The Story of the Totem Pole
The large interactive family exhibition The Story of the Totem Pole focuses on the Indians of the Northwest Coast of the United States and Canada. International masterpieces combined with the finest from its own collection, supplemented by modern art, topical interviews and reports create an impressive picture of the fascinating cultures of the Northwest Coast First Nations.
Especially for the exhibition, Museum Volkenkunde commissioned a group North American First Nation artists led by Rande Cook to create an 8 meter high totem pole. The masterpiece of the exhibition. The Northwest Coast First Nations are world-famous for their magnificent totem poles. The topic is amply observed in the exhibition.
Art of the Northwest Coast
First Nations of the Northwest Coast have a rich tradition in the field of art. Carved wooden masks frequently serve to decorate, for example, houses, canoes and furniture. According to tradition women were engaged in weaving wrap blankets and the art of braiding (hats and baskets). Important families commissioned these products, status symbols rich with mythical figures.

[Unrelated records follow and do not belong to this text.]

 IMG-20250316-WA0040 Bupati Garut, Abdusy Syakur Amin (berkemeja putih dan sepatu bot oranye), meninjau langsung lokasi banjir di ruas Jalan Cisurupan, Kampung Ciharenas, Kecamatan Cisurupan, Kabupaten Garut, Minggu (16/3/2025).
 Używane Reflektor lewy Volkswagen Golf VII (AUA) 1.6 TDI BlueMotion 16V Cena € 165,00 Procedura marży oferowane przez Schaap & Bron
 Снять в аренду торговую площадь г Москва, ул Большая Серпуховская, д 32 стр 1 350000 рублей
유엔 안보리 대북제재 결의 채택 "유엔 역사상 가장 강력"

Stories about ancestors in which mythological creatures played the main role were important ingredients of the numerous winter ceremonies and festivals celebrated during the long winters. Each community had its own stories. The most important ceremony of the Northwest Coast Indians was and, in 2012, still is the potlatch. It confirms host’s status and prestige. Aside from speeches and dancing, the most extraordinary part is the giving away of presents. The modern potlatch is primarily an expression of pride in one’s own culture.